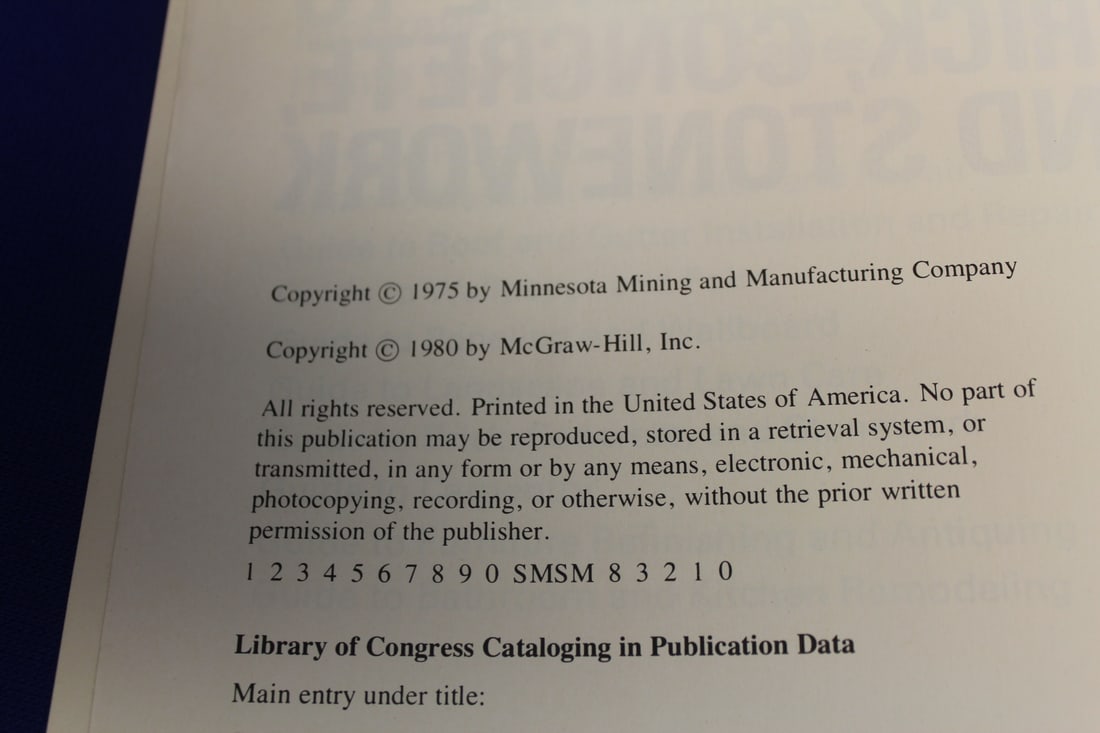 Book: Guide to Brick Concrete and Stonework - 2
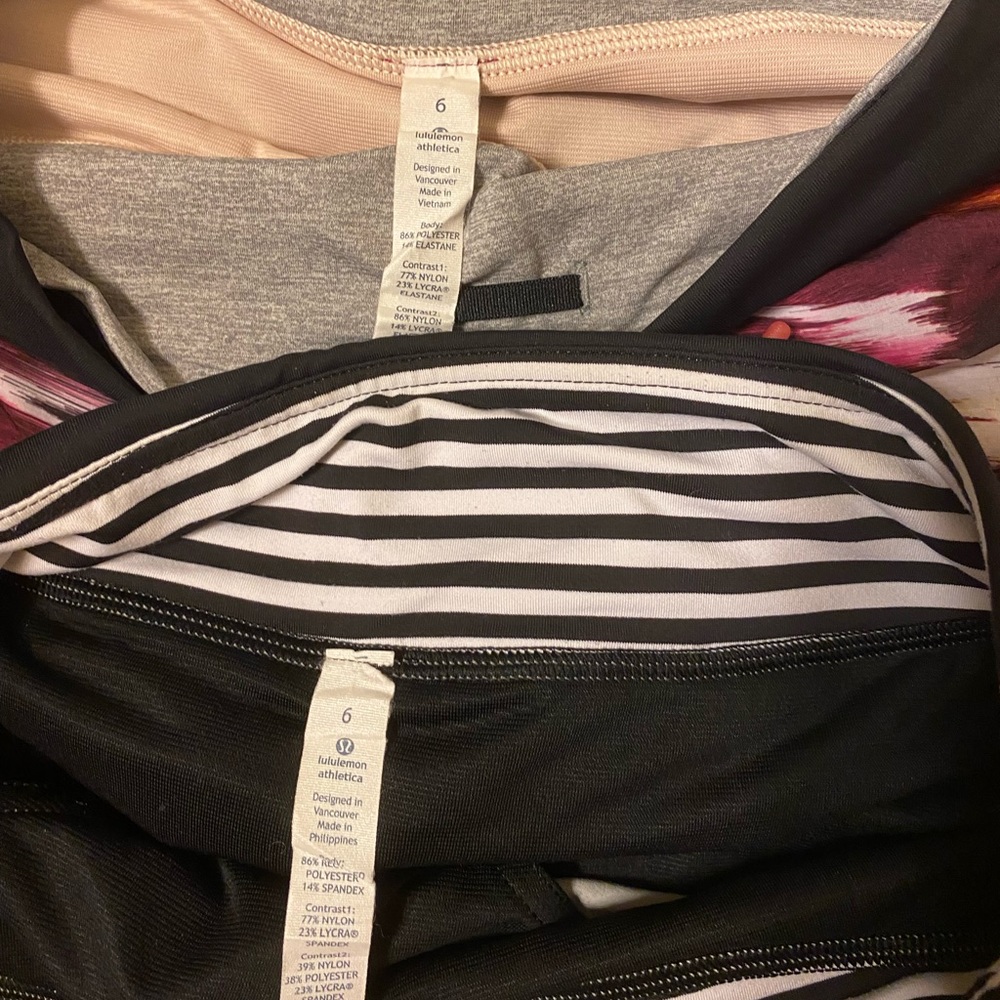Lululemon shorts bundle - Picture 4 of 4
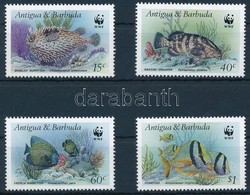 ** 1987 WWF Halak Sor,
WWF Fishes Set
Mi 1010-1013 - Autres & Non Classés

•••

» **Assignment**
Output each entry exactly. Skip the pictures.

» **Exercise answer**
 Book: Guide to Brick Concrete and Stonework - 2
Lululemon shorts bundle - Picture 4 of 4
 ** 1987 WWF Halak Sor,
WWF Fishes Set
Mi 1010-1013 - Autres & Non Classés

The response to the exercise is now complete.